--- Stored data Enclosed Below ---
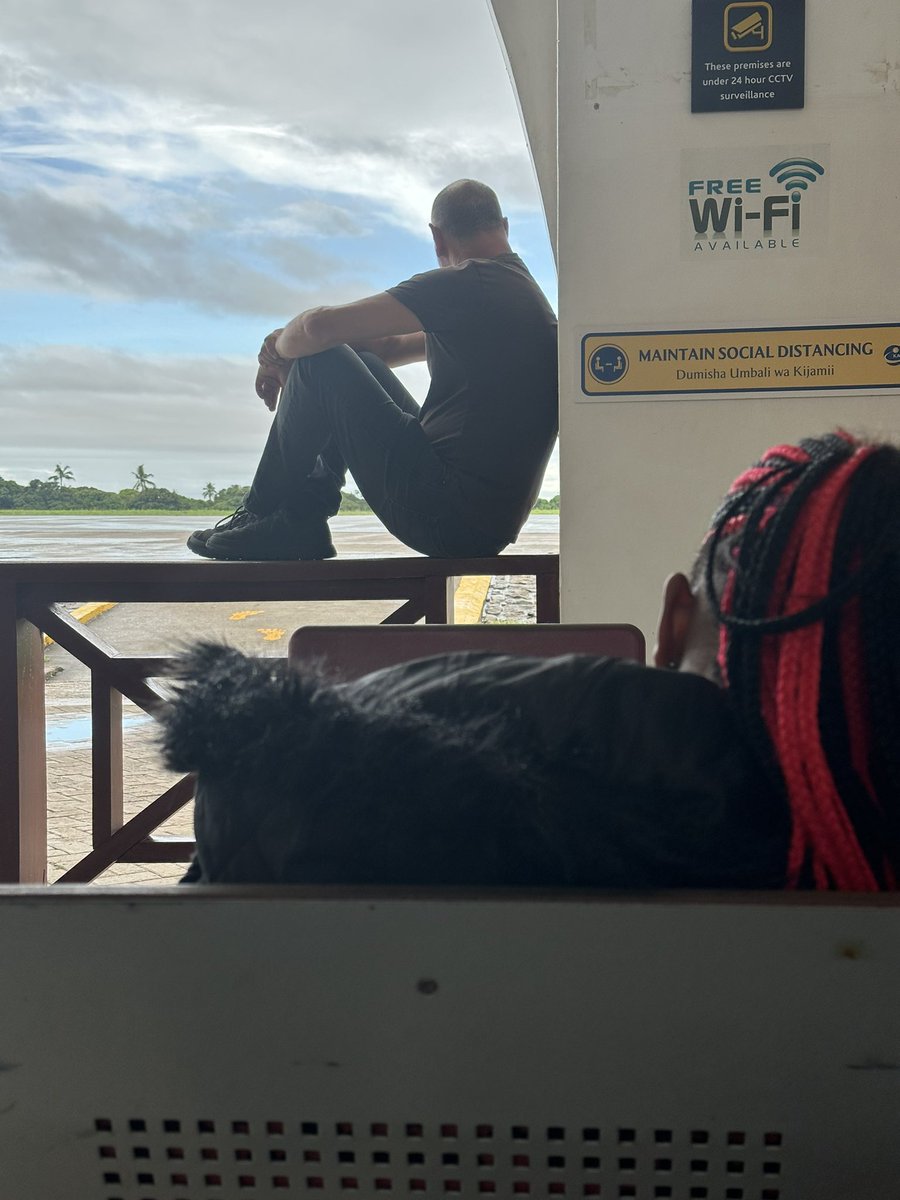 This man is sitting on the railings, awaiting to board his flight at the Malindi International Airport. You are not likely to ever see Africans doing so. Also no one told him anything.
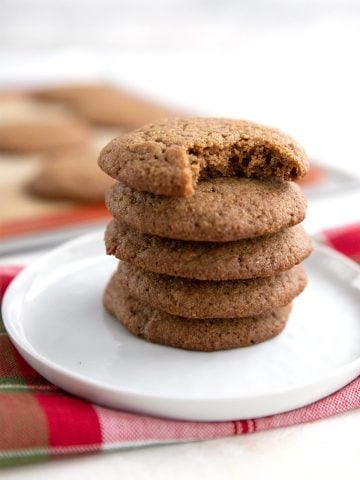 A stack of keto ginger cookies on a white plate over a holiday plaid napkin.
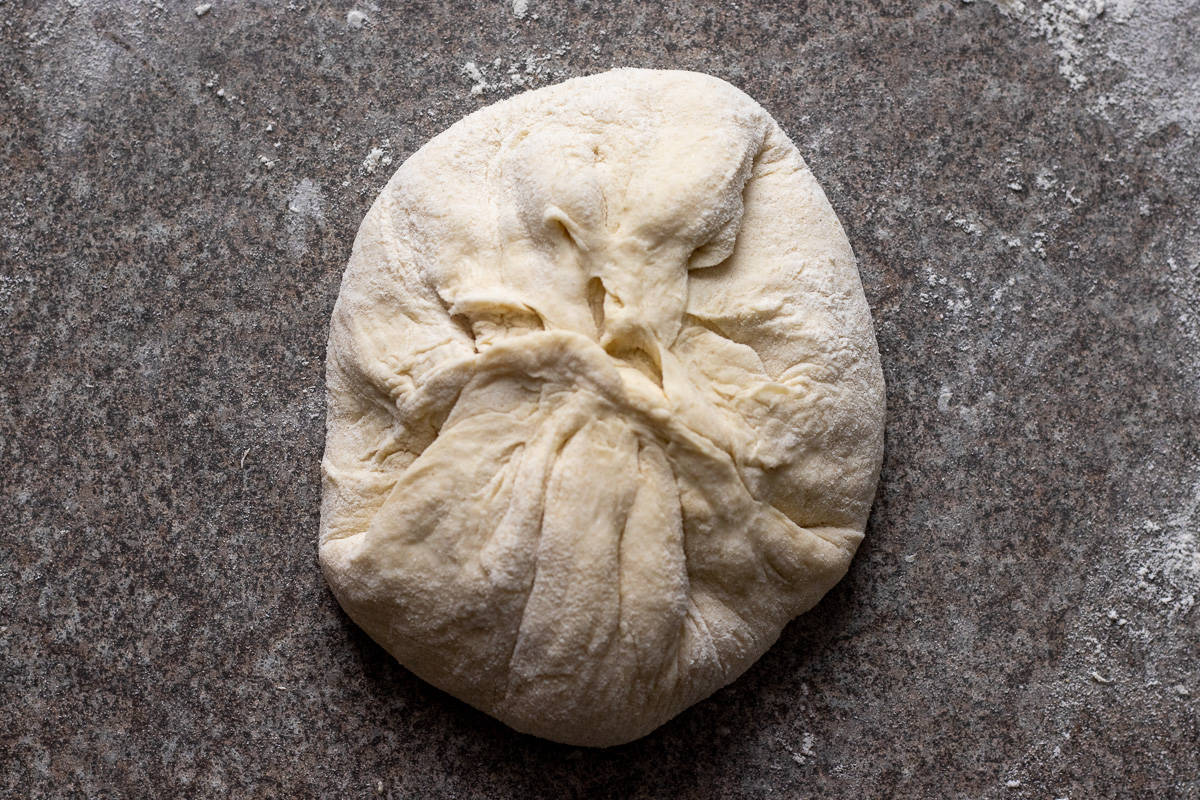 The sides of the dough is pulled up to seal and shape into a ball.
--- End of Enclosed Stored data ---
■ Assigned task ■
Keep the pictures out and transcribe the listing exactly.

■ Completed task ■
 This man is sitting on the railings, awaiting to board his flight at the Malindi International Airport. You are not likely to ever see Africans doing so. Also no one told him anything.
 A stack of keto ginger cookies on a white plate over a holiday plaid napkin.
 The sides of the dough is pulled up to seal and shape into a ball.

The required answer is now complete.